- _EXERCISE PROMPT_: Exactly as written, print every line of the listing below and omit its pictures.

- _PROVIDED MATERIAL_:

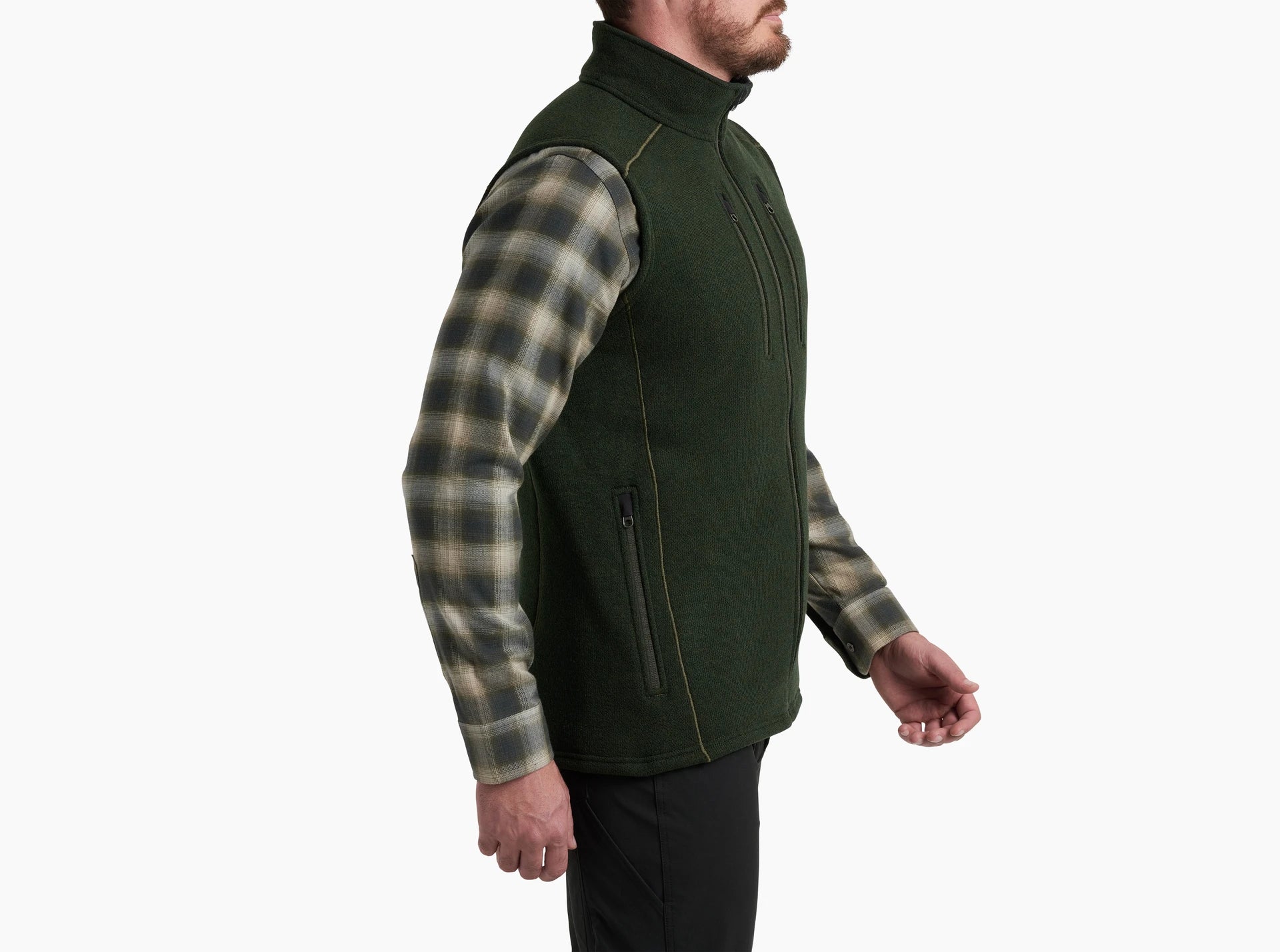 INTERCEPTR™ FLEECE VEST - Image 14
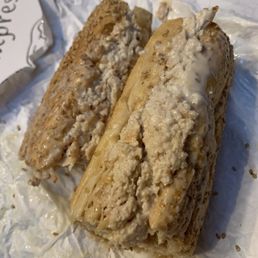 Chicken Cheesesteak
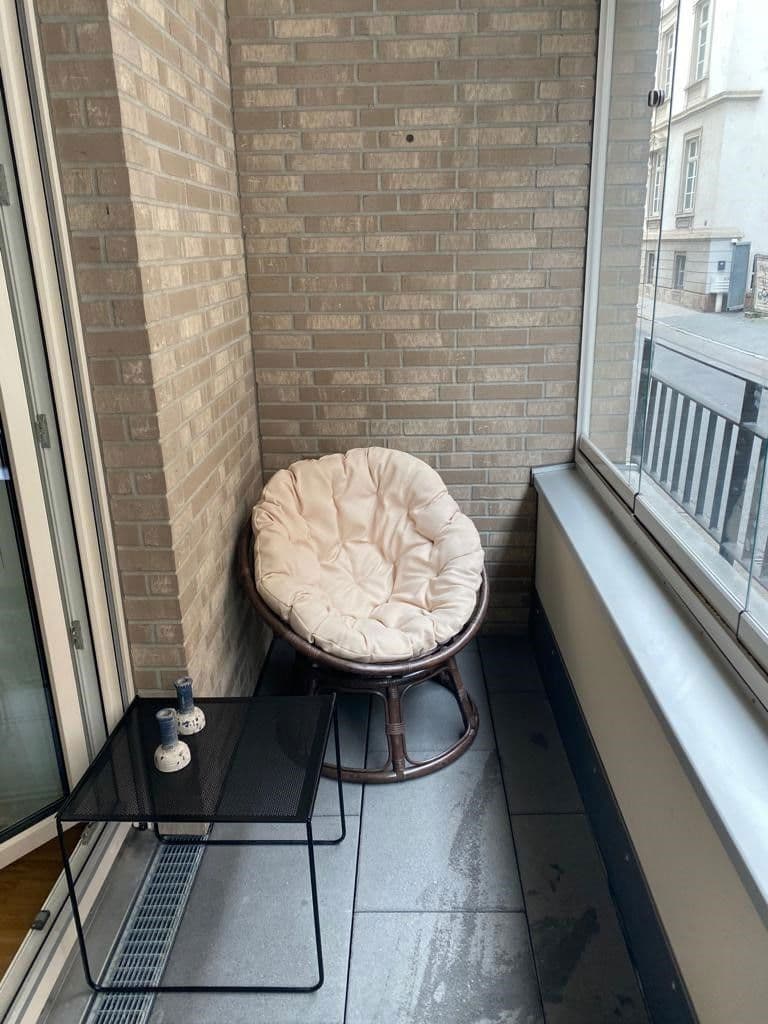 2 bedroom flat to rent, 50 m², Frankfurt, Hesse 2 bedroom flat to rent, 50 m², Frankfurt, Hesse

- _SOLUTION TO THIS EXERCISE_:
 INTERCEPTR™ FLEECE VEST - Image 14
 Chicken Cheesesteak
 2 bedroom flat to rent, 50 m², Frankfurt, Hesse 2 bedroom flat to rent, 50 m², Frankfurt, Hesse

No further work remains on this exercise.